- DVD cover
- Genre: Drama
- Based on: What If God Were the Sun? by John Edward
- Screenplay by: Janet Dulin Jones; Jamie Pachino;
- Directed by: Stephen Tolkin
- Starring: Lacey Chabert; Gena Rowlands;
- Theme music composer: Laura Karpman
- Country of origin: United States
- Original language: English

Production
- Producer: Greg Copeland
- Cinematography: Robin Loewen
- Editor: Gib Jaffe
- Running time: 88 minutes
- Production companies: JECO Productions; Old Beantown Films; Fox Television Studios;

Original release
- Network: Lifetime
- Release: May 14, 2007

= What If God Were the Sun? =

What If God Were the Sun? is a 2007 American television film directed by Stephen Tolkin and starring Lacey Chabert and Gena Rowlands. Written by Janet Dulin Jones and Jamie Pachino, based in part on a novel by John Edward, the film is about a dedicated nurse whose life is disrupted by her father's death. After losing her job, she finds comfort and inspiration in caring for a terminally ill woman with a quick wit and strong faith. What If God Were the Sun? was originally broadcast by Lifetime Television on May 14, 2007.

==Plot==
Jamie is an ER nurse preparing for her upcoming wedding. When her policeman father unexpectedly dies in a hospital room adjacent to the one in which she's caring for a patient, her grief consumes her life, severely affecting her job performance and her relationship with her fiancé. Not until she meets Melissa, who is facing death from cancer with a sunny outlook and an unwavering faith in God, does Jamie begin to cope with her feelings and question her religious beliefs, including her conviction that the afterlife doesn't exist.

==Cast==

Gena Rowlands and Lacey Chabert

- Lacey Chabert as Jamie Spagnoletti
- Gena Rowlands as Melissa Eisenbloom
- Sam Trammell as Jeff
- Sarah Rafferty as Rachel Eisenbloom
- Klea Scott as Carmen
- Amanda Brugel as Lupe
- Diana Reis as Katherine
- Kim Roberts as Maricela
- Maria Ricossa as Alma
- Illya Torres-Garner as Raul
- Ernesto Griffith as Captain Herbert
- Yogesh Chotalia as Dr. Browning
- David Stuart Evans as Michael
- Robert Marshall as Orlando
- Jan Skene as Dr. Greenberg

==Critical reception==
In her review in Variety, Laura Fries said, "Rowlands is easily the best thing about the pic, and faces its many challenges, including cliches and colossally bad dialogue, with her reputation fairly unscathed . . . ultimately even [her] presence can't save the film from its own overwrought emotions and preposterous posthumous allusions. Perhaps the dead are always with us, but they would surely be grateful to miss this one."

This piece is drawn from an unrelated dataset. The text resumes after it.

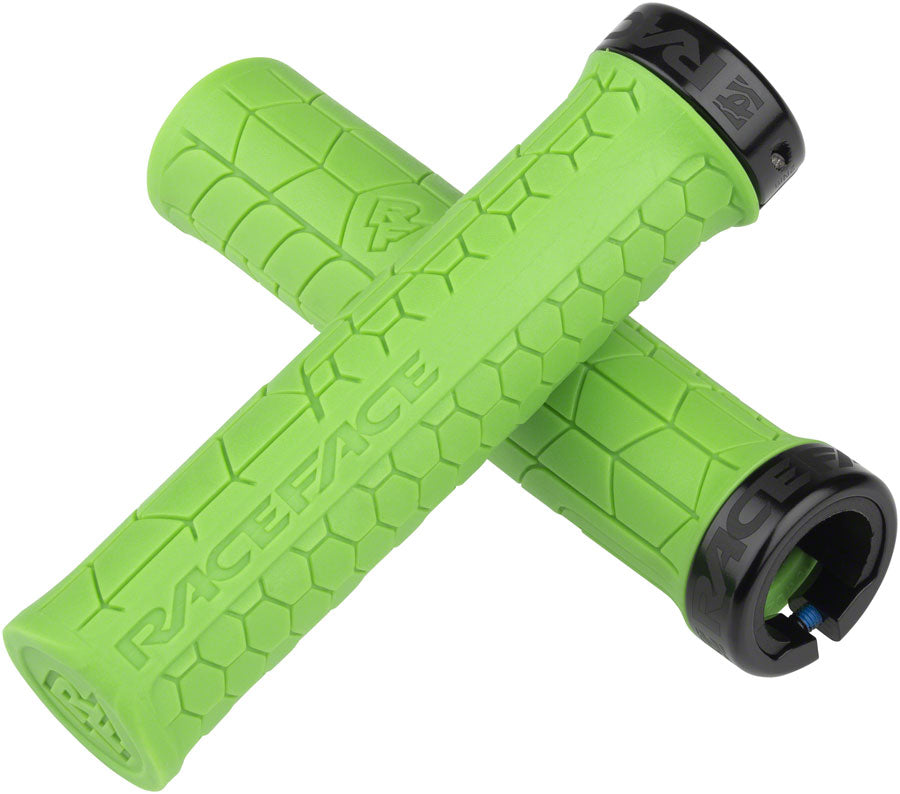 RaceFace Getta Grips - Green, Lock-On, 30mm Low-Profile Grips, Rubber Grips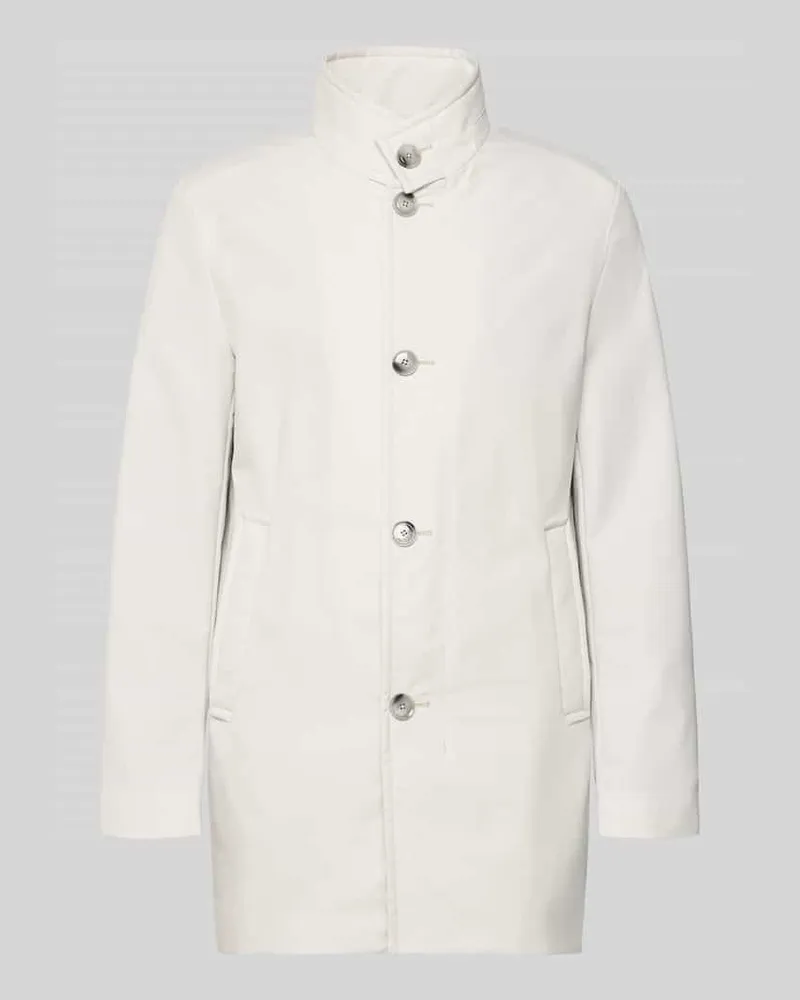 Strellson Regular Fit Mantel mit Stehkragen Modell 'FYNN Hellgrau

Marilyn Moss of The Hollywood Reporter observed, "Its parts don't always mesh or make sense - storywise and otherwise - but anyone who stays with the characters long enough won't come away empty-handed . . . the story [wants] to be too many things and encase too many issues and events. Still, who cares about such small matters if it means getting to watch Gena Rowlands on the screen?"

==Nominations==
Gena Rowlands was nominated for the Primetime Emmy Award for Outstanding Lead Actress in a Miniseries or Movie and the Screen Actors Guild Award for Outstanding Performance by a Female Actor in a Miniseries or Television Movie for her performance.